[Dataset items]
□ □ □ □ □

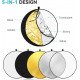 NiceFoto SR-5-Ø42" 5in1 Round Reflector Discs (107cm) NiceFoto SR-5-Ø42" 5in1 Round Reflector Discs (107cm)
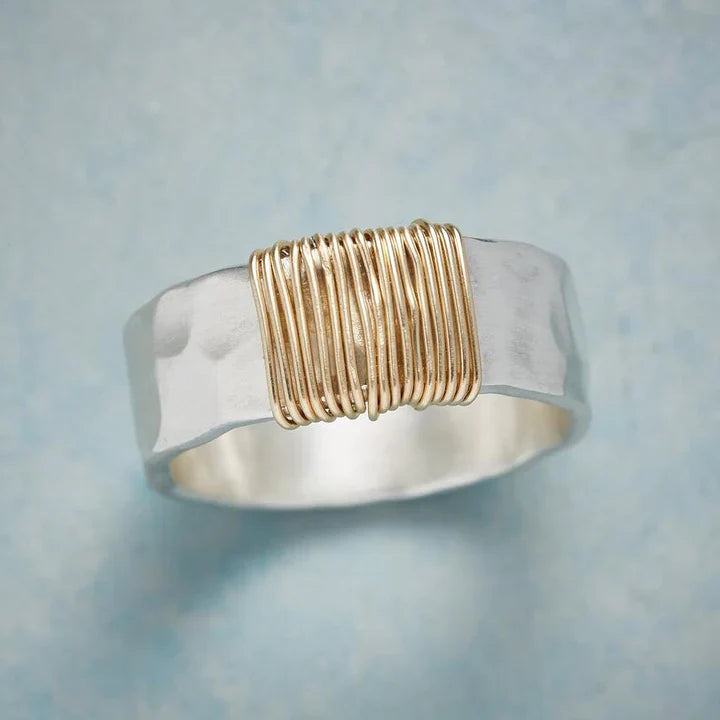 Bague Ligne d’Or™ – Argent Raffiné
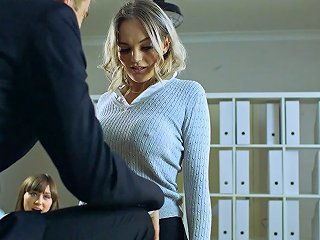 Big Tits Blonde Hottie Seduces Her Teacher For His Huge Cock Any Porn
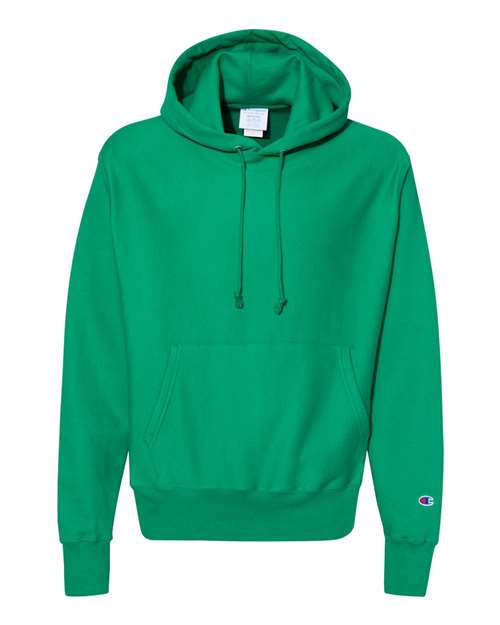Champion S1051 Reverse Weave Pullover Hooded Sweatshirt #color_KELLY GREEN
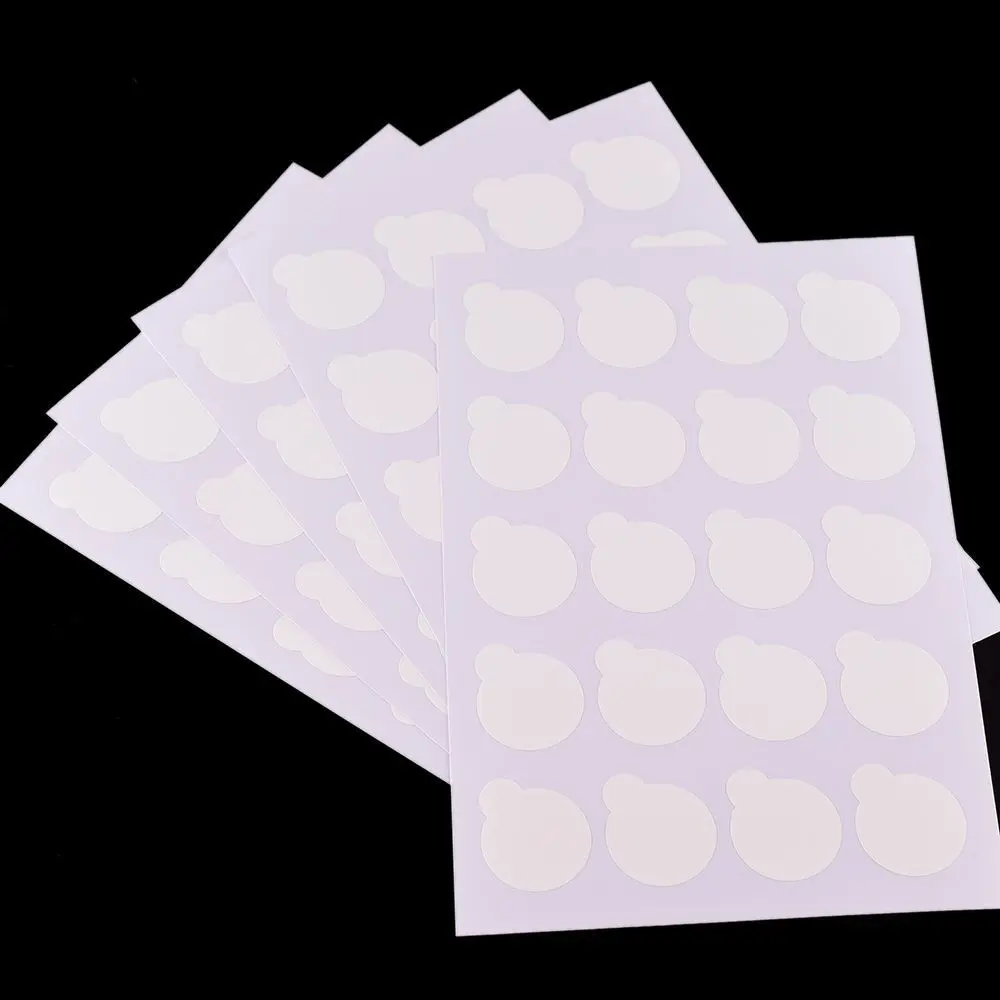 Petit support de palette de papier de poulet pour colle à cils, autocollant d'extension de cils, tampons de colle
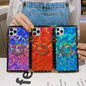 Sparkling square bracket phone case lbcase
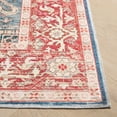 thumbnail image 6 of SAFAVIEH Arizona Fredrick Distressed Machine Washable Area Rug, Blue Green/Rust, 3' x 5', 6 of 14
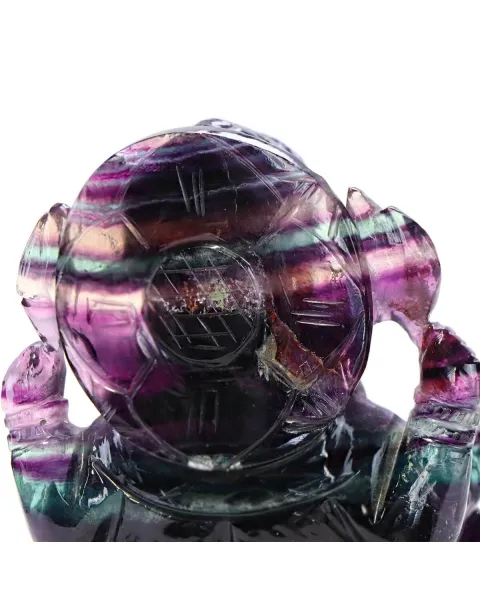 Statua Ganesh Fluorite (500g)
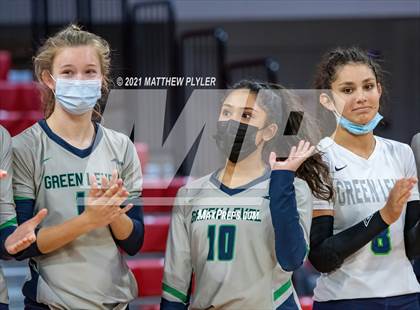 Thumbnail 3 in Green Level vs. Ardrey Kell (NCHSAA 4A Final) (1 of 2) (Pre-game, post-game, awards, and team photos) photogallery.
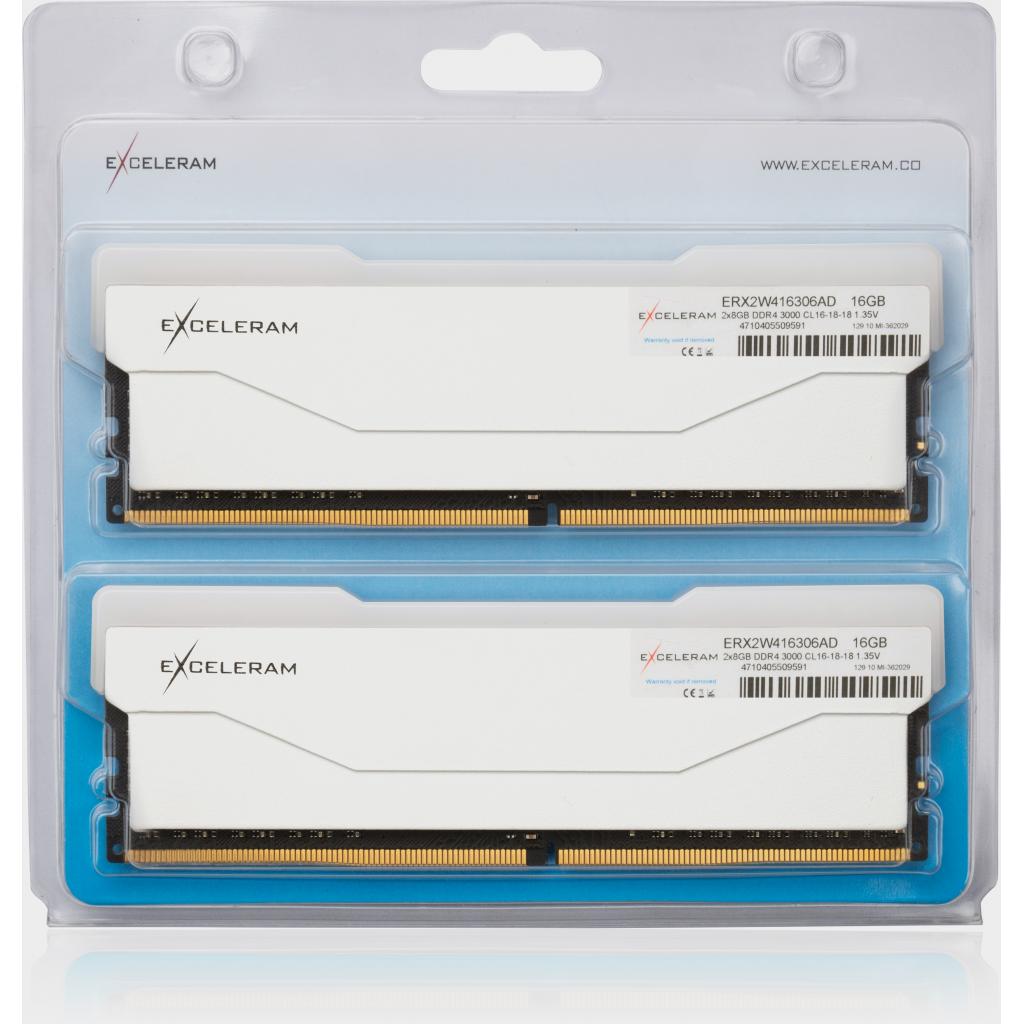 Модуль пам'яті для комп'ютера DDR4 16GB (2x8GB) 3000 MHz RGB X2 Series White eXceleram (ERX2W416306AD) - зображення 3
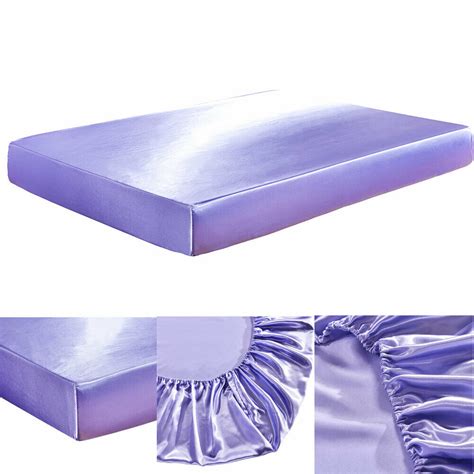 Bed Fitted Sheet Elastic Sheets Polyester And Cotton Single Twin Full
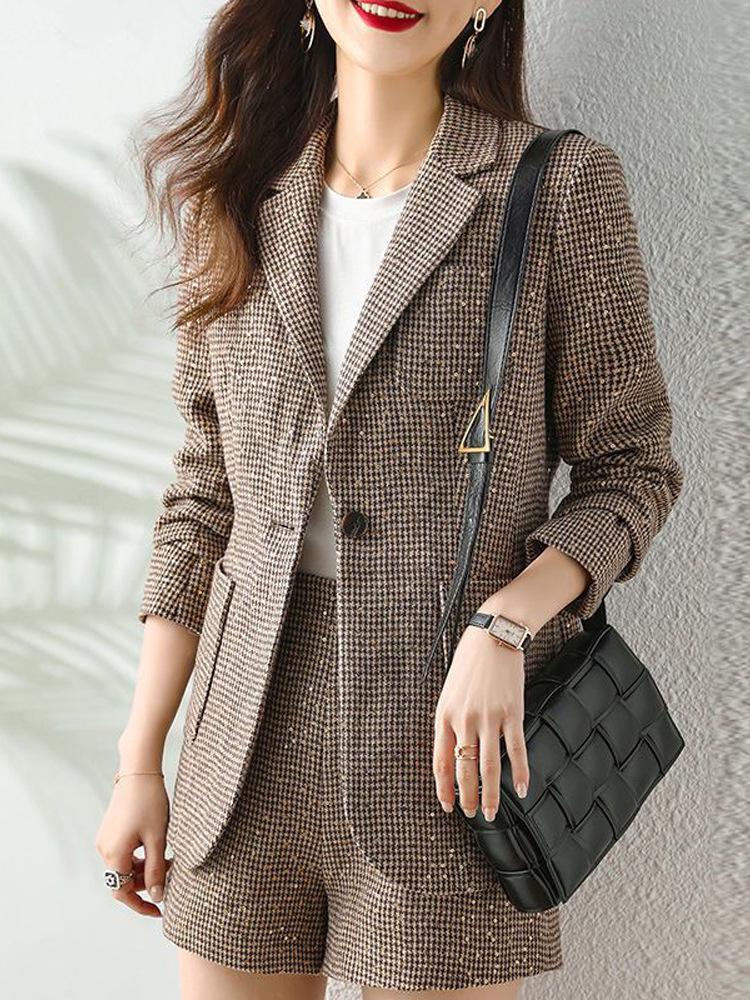 

Женский высококачественный приталенный пиджак - ранняя осень 2024 года, универсальный стиль темперамента 2XL [For 130-145 lbs]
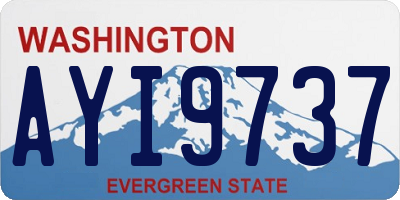 WA license plate AYI9737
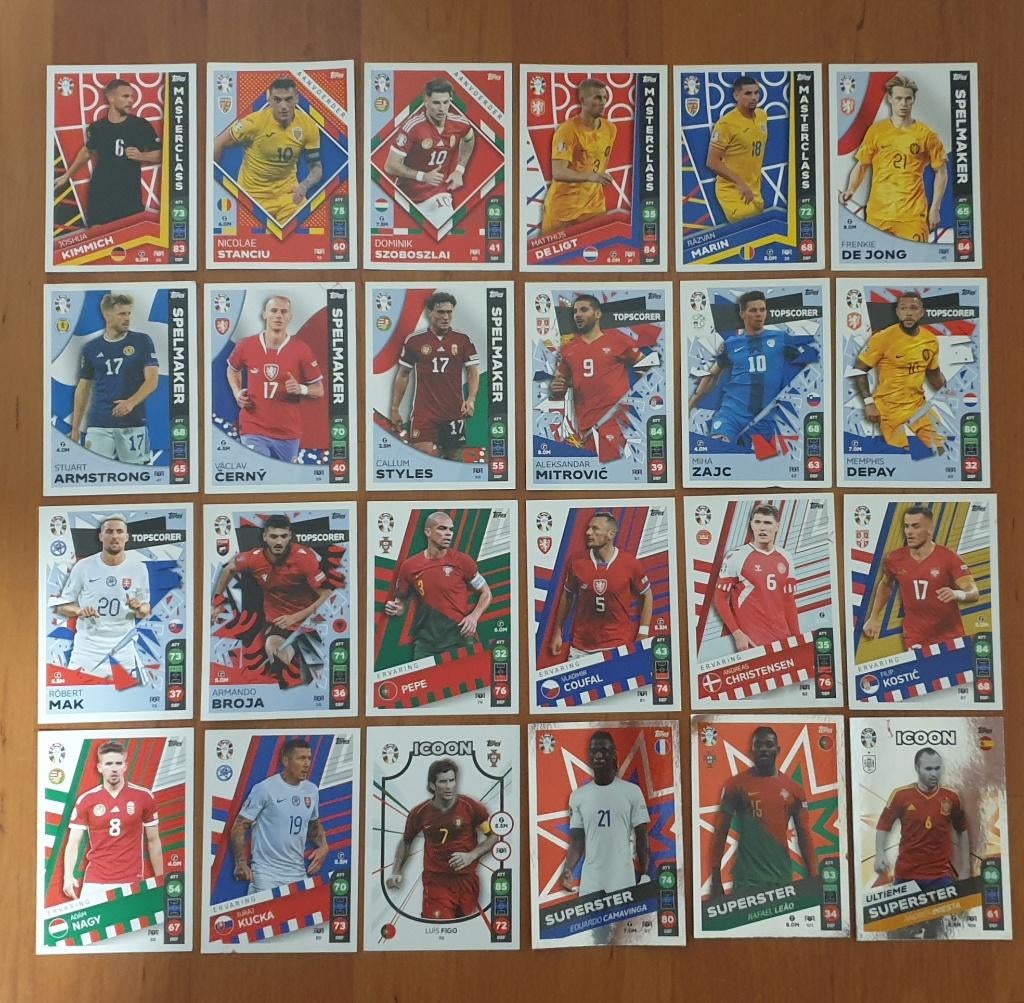 Verzamelkaarten Topps Match Attax UEFA Euro 2024 All Stars, Verzamelen, Sportartikelen en Voetbal, Ophalen of Verzenden, Zo goed als nieuw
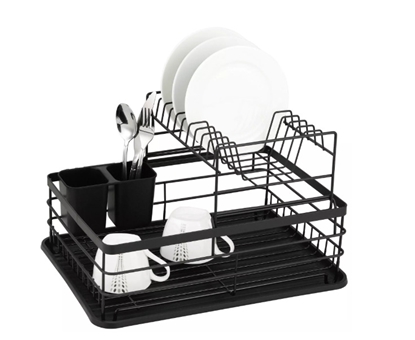 Picture of Dish dryer, two-rows, steel-plastic, black KINGHoff, KH 1716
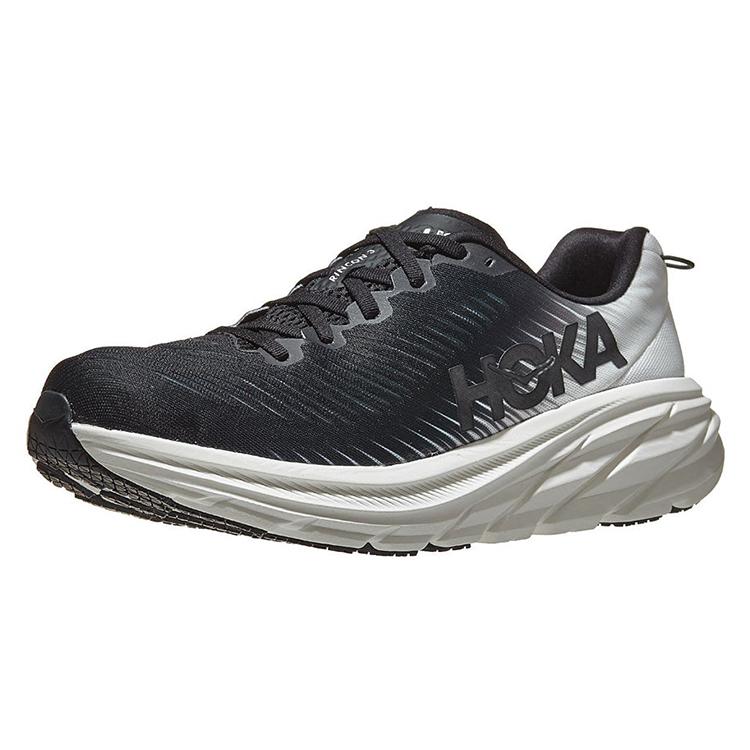 HOKA One One Rincon 3 Wide 'Черно-белый' Женский 1121371-BWHT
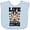 AE-Light Blue, variant on Inktastic Life is Better with a Corgi Boys or Girls Baby Bib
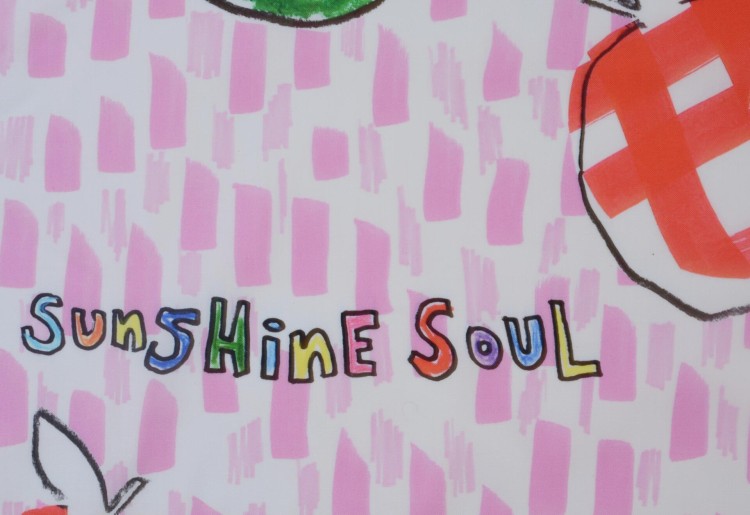 Tkanina Bawełniana Różowo-Biała Sunshine Soul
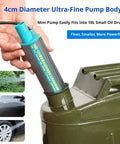 Badass Mini Submersible Sump Pump For Reliable Fluid Transfers And 12 Volt DC Output with 4cm diameter fits into small oil drum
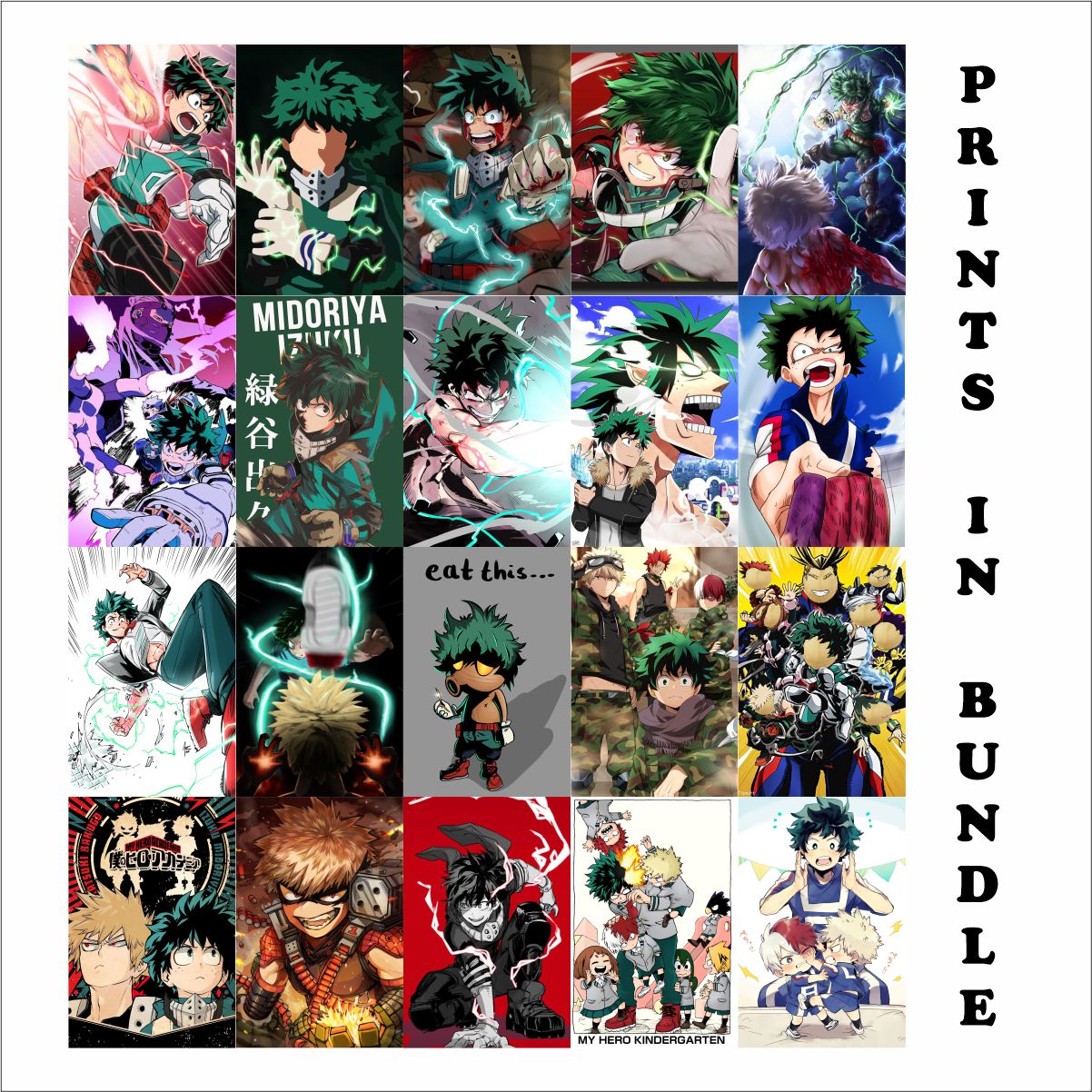 My Hero Academia Poster A4 Size Pack of 20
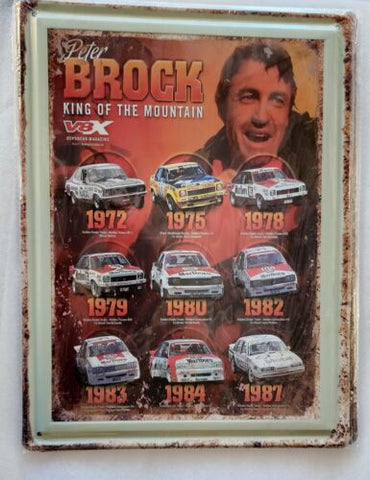 Decorative plate, PETER BROCK, KING OF THE MOUNTAIN Retro approx 30cm x 40 cm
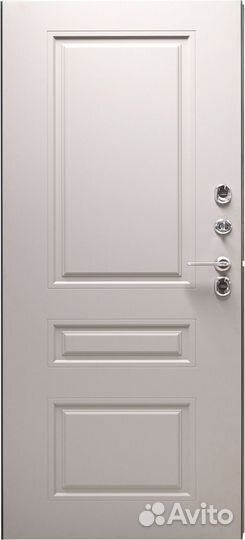 Дверь с порошковым покрытием с терморазрывом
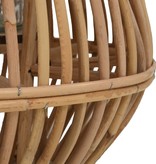 vidaXL Lantaarnhouder hangend wicker naturel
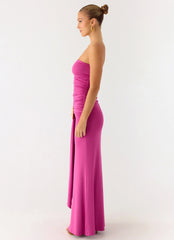 Robe longue Party After Party Shell - Fuchsia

□ □ □ □ □

To do »
In the answer, give only the lines from the top of the data above through the line with "Statua Ganesh Fluorite (500g)", reproduced exactly; no picture may appear.

Response to the task »
 NiceFoto SR-5-Ø42" 5in1 Round Reflector Discs (107cm) NiceFoto SR-5-Ø42" 5in1 Round Reflector Discs (107cm)
 Bague Ligne d’Or™ – Argent Raffiné
 Big Tits Blonde Hottie Seduces Her Teacher For His Huge Cock Any Porn
Champion S1051 Reverse Weave Pullover Hooded Sweatshirt #color_KELLY GREEN
 Petit support de palette de papier de poulet pour colle à cils, autocollant d'extension de cils, tampons de colle
 Sparkling square bracket phone case lbcase
 thumbnail image 6 of SAFAVIEH Arizona Fredrick Distressed Machine Washable Area Rug, Blue Green/Rust, 3' x 5', 6 of 14
 Statua Ganesh Fluorite (500g)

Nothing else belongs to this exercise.